RECORDS FOR THE EXERCISE:
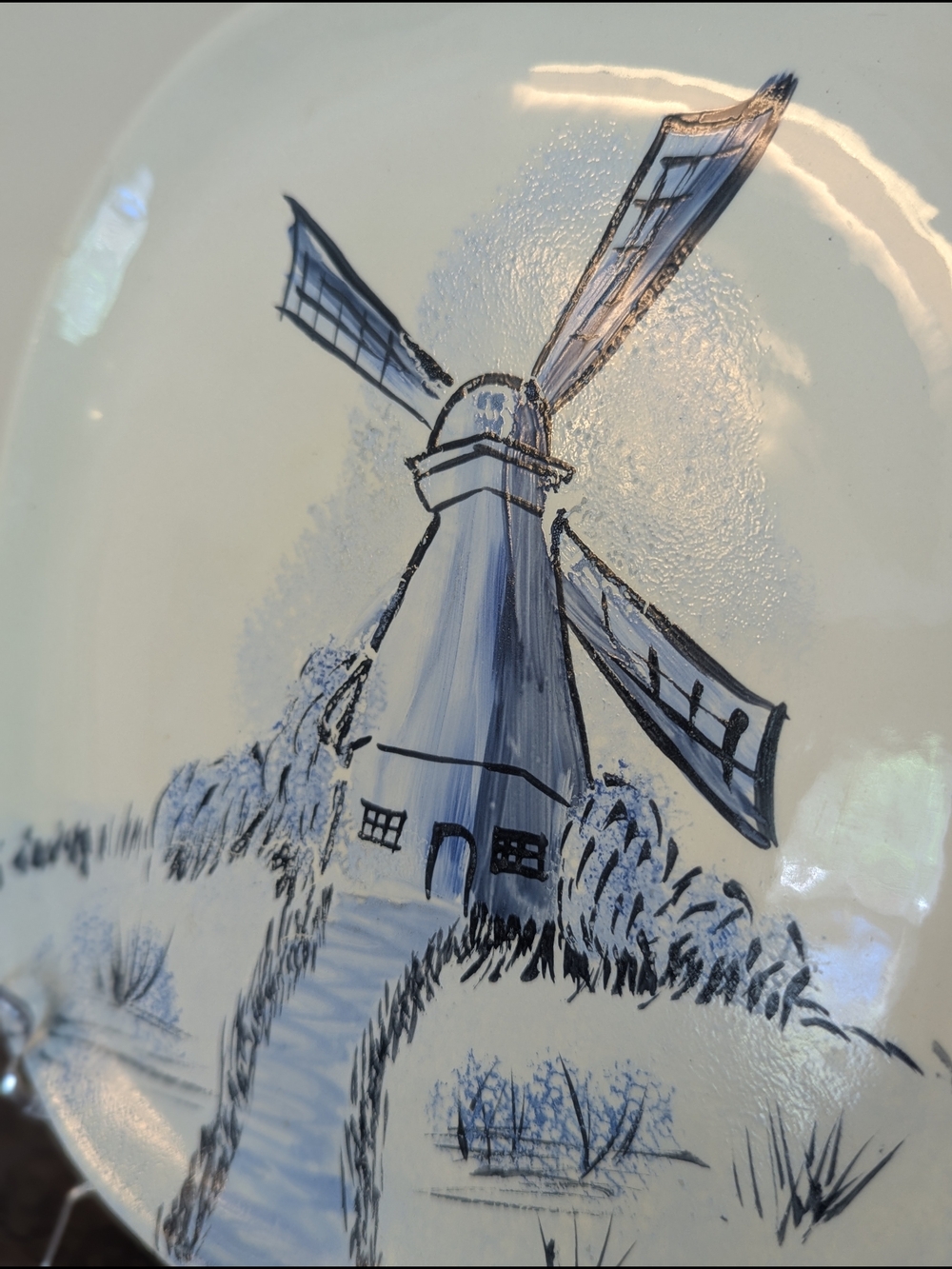 Hand-Painted Blue & White Windmill Square Salad Plate • Signed Studio Pottery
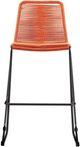 Armen Living Shasta Black/Tangerine Rope/Steel Outdoor Bar Stool-4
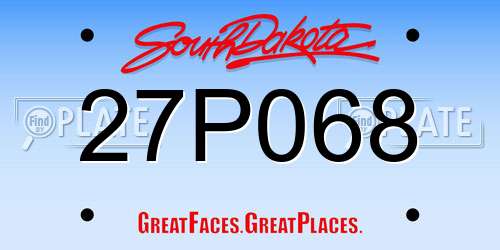 27P068 South Dakota License Plate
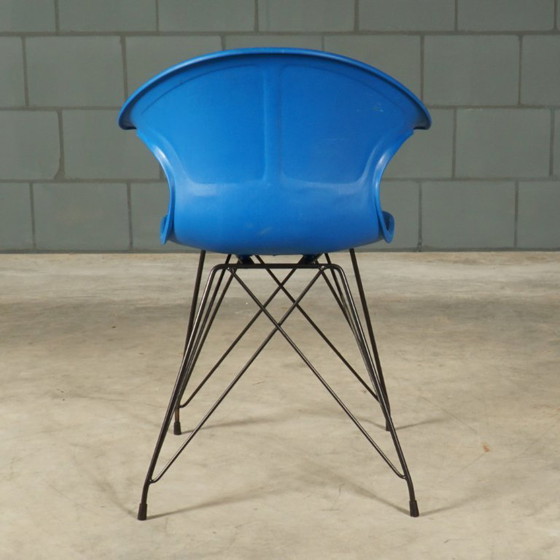 Vintage Blue Bucket Chairs – In the Style of Vitra Eames – Dining chairs, Metal, Plastic (photo 5 of 12)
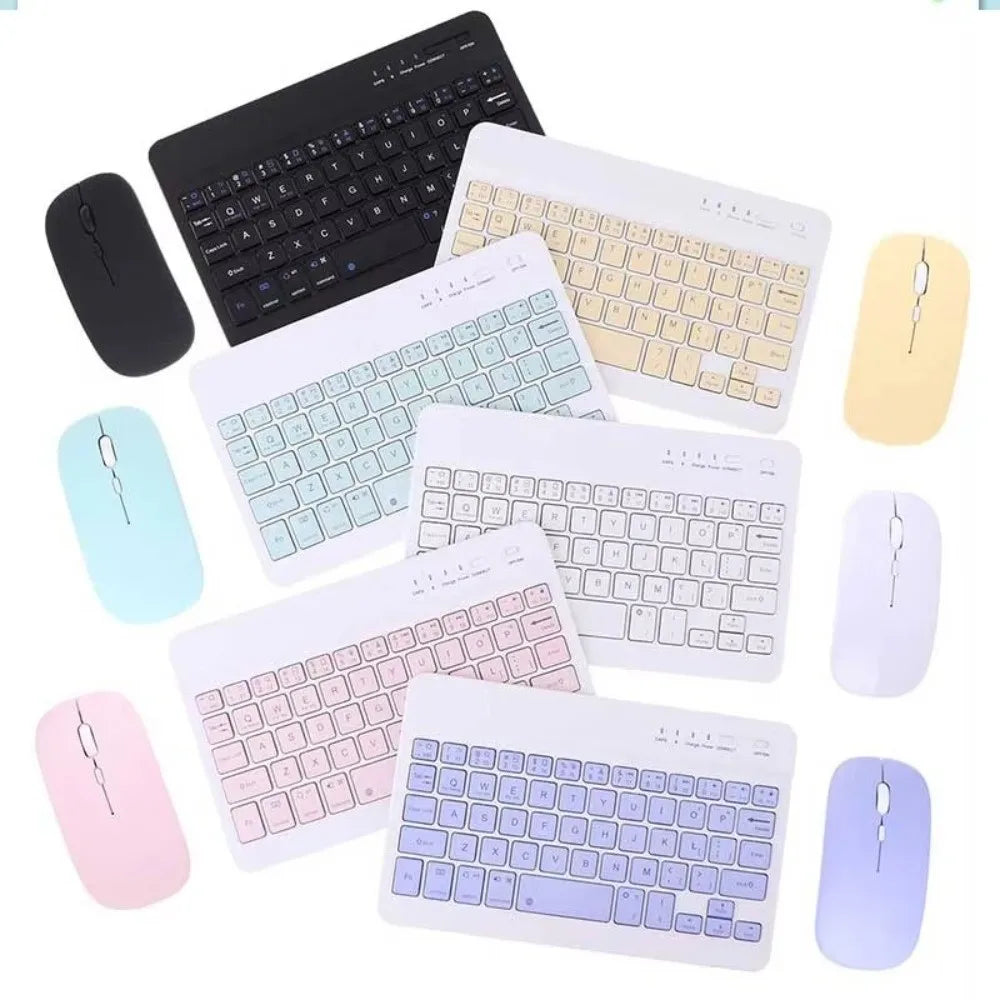 10 inch Bluetooth Keyboard Mouse Set Rechargeable Ultra-Thin Mini Keyboard And Mouse Wireless Keyboard Mouse Combos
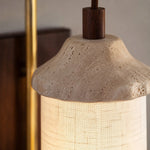 Load image into Gallery viewer, Travertine stone and fabric shade close detail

WHAT TO WORK ON:
I would like an exact copy of the lines from the one holding "27P068 South Dakota License Plate" through the last line of the entries above, with the pictures left out.

EXPECTED ANSWER:
 27P068 South Dakota License Plate
 Vintage Blue Bucket Chairs – In the Style of Vitra Eames – Dining chairs, Metal, Plastic (photo 5 of 12)
 10 inch Bluetooth Keyboard Mouse Set Rechargeable Ultra-Thin Mini Keyboard And Mouse Wireless Keyboard Mouse Combos
 Load image into Gallery viewer, Travertine stone and fabric shade close detail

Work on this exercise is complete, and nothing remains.